Judgment has been handed down by the Court of Appeal in Joanne Dunhill v W Brook & Co (1) and Justin Crossley (2), affirming the exoneration of both the solicitor and counsel in respect of a settlement reached at the doors of the court in 2003. Mills & Reeve acted for the first defendant law firm (Bharti Patel and Sarah Wearmouth), instructing Jamie Smith QC and Glenn Campbell.
The claimant instructed the solicitors to pursue an RTA claim against a motorcyclist. A liability-only trial was ordered in January 2003, and attended by a trainee solicitor on behalf of the solicitors’ firm, and counsel. The claim was settled on a full and final basis for £12,500, after one of the claimant’s witnesses failed to attend. Nearly six years later, the claimant brought two actions: the first sought to re-open the RTA claim on the basis that she had lacked mental capacity at the time of settlement (the injury alleged to have arisen from the accident).

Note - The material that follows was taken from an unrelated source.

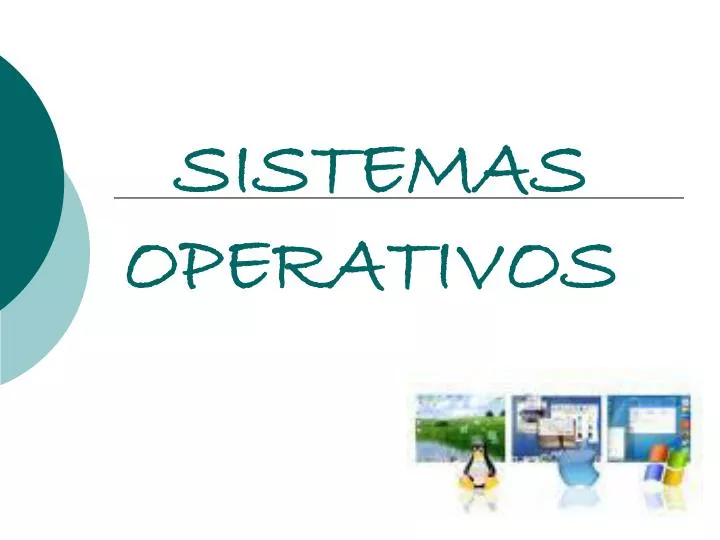 sistemas operativos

This issue went all the way to the Supreme Court, and in 2014 the claimant was found to have lacked capacity and the court refused to retrospectively approve the settlement. This meant that almost a decade later, RTA insurers had to re-open the claim. That claim subsequently was resolved at 55% of its full value. It is noteworthy that the advice the claimant had received prior to the 2003 court hearing was that she was looking at a substantial contributory negligence reduction, such that she would receive only 33%.
The second action was a claim against the solicitors and counsel, and proceeded by way of a liability only trial. While a number of allegations were made during the proceedings, the only one of substance that ultimately remained was that the defendants had been negligent with regard to advice given concerning the settlement reached at court in 2003. The court found that neither defendant had been negligent in this regard. That decision was appealed by the claimant, and the matter was heard in February of this year. The Court of Appeal found that the trial judge’s conclusion that Mr Crossley was entitled (in 2003) to have feared that the claimant’s case may have failed in its entirety, was not a conclusion that could be interfered with (Fage UK Ltd v Chablani). As regards quantum, the Court of Appeal was not prepared to say that Mr Crossley’s advice in 2003 was ‘blatantly wrong’. The benefit of hindsight played no part, which has to be right.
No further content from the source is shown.